Là aussi les programmations se croisent, une semaine après la Scala, une autre mise en scène de Claus Guth, un Tannhäuser qui a marqué à sa création en 2009-2010.
En trois jours, Femme sans ombre (Production 1997), Tannhäuser et Tosca (avec Nina Stemme et dirigé par Franz Welser-Möst dans la mise en scène de Margherita Wallmann, qui je crois remonte aux année 50. Voilà le système de répertoire. Je suis depuis avoir vécu en Allemagne convaincu de la supériorité du système de répertoire (250 à 300 soirées, un spectacle différent chaque soir en alternance, une cinquantaine de productions dont cinq à six nouvelles productions, quelques reprises retravaillées et le reste sans répétitions particulières, avec des chanteurs en contrat mensualisés (la troupe) sur celui de la stagione, qui a cours en France et dans l’Europe du Sud (avec Belgique et Pays Bas en plus) qui affiche que des nouvelles productions ou des reprises retravaillées, avec un système de cachets mais moins de représentations (une soixantaine à Lyon, 25 à 30 à Montpellier etc…) , sans troupe, les chanteurs étant recrutés pour chaque production. Le système de la stagione garantirait un niveau de représentation supérieur, un travail plus approfondi, des répétitions plus nombreuses. D’abord ce n’est pas toujours vrai. Le répertoire permet de maintenir un public régulier, abonné, et permet une meilleur irrigation du territoire: si en Allemagne vous avez envie d’un Tristan, au moins un théâtre dans un rayon de 50km autour de vous le proposera dans l’année. A Lyon, ou à Genève, il faudra attendre dix, quinze ans peut-être avant d’en revoir un. Cherchez l’erreur.

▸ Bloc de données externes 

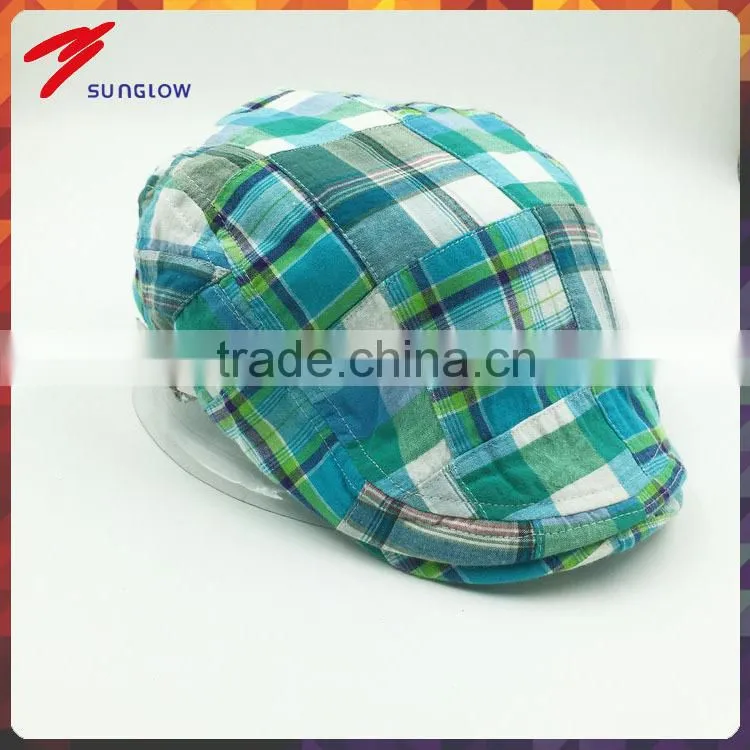 Custom design fashion check ivy cap manufacturing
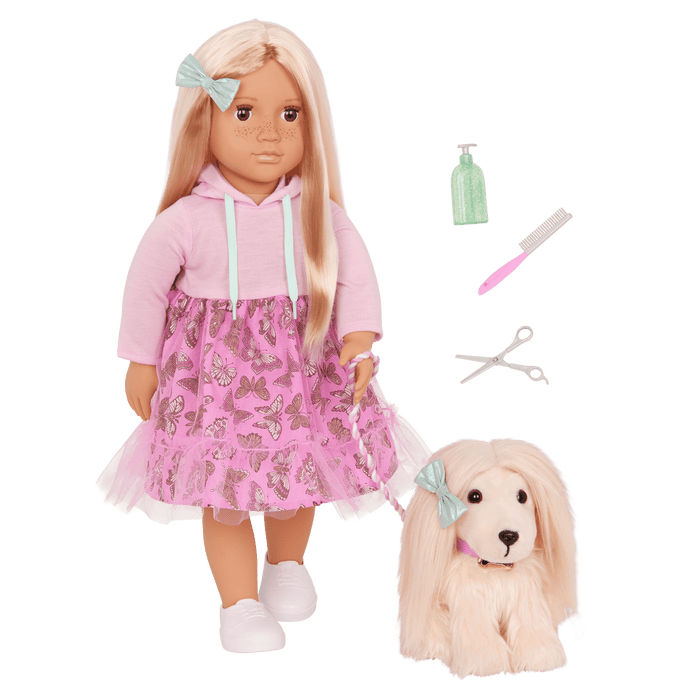 Our Generation Doll & Pet Set Hattie & Puppy Bella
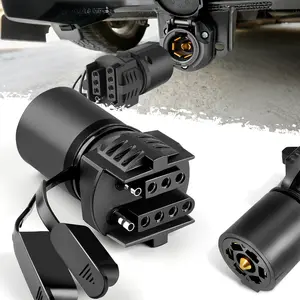 DIBMS 7 Pin to 4 Pin Trailer Adapter, 7 Way to 5 Way Trailer Light Plug, Trailer Connector for Truck RV Utility Tow Hitch Boat, Weatherproof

Nul doute que pour l’irrigation du public et son éducation, le système de répertoire, très fidélisant (autour de la troupe) permet une meilleure accessibilité.
Quand il s’agit de Vienne, avec l’orchestre de fosse qui est la base du Philharmonique de Vienne (Rainer Küchl était pour ce Tannhäuser le premier violon solo), avec un directeur musical qui possède à son répertoire personnel une cinquantaine de titres, et où chaque année passe, répertoire ou non, le Gotha du chant mondial, alors il n’y a même pas à hésiter. Avec une subvention d’Etat de 50M/€ (Paris aux alentours de 120M/€), l’opéra de Vienne assure son métier de théâtre public, au service du public.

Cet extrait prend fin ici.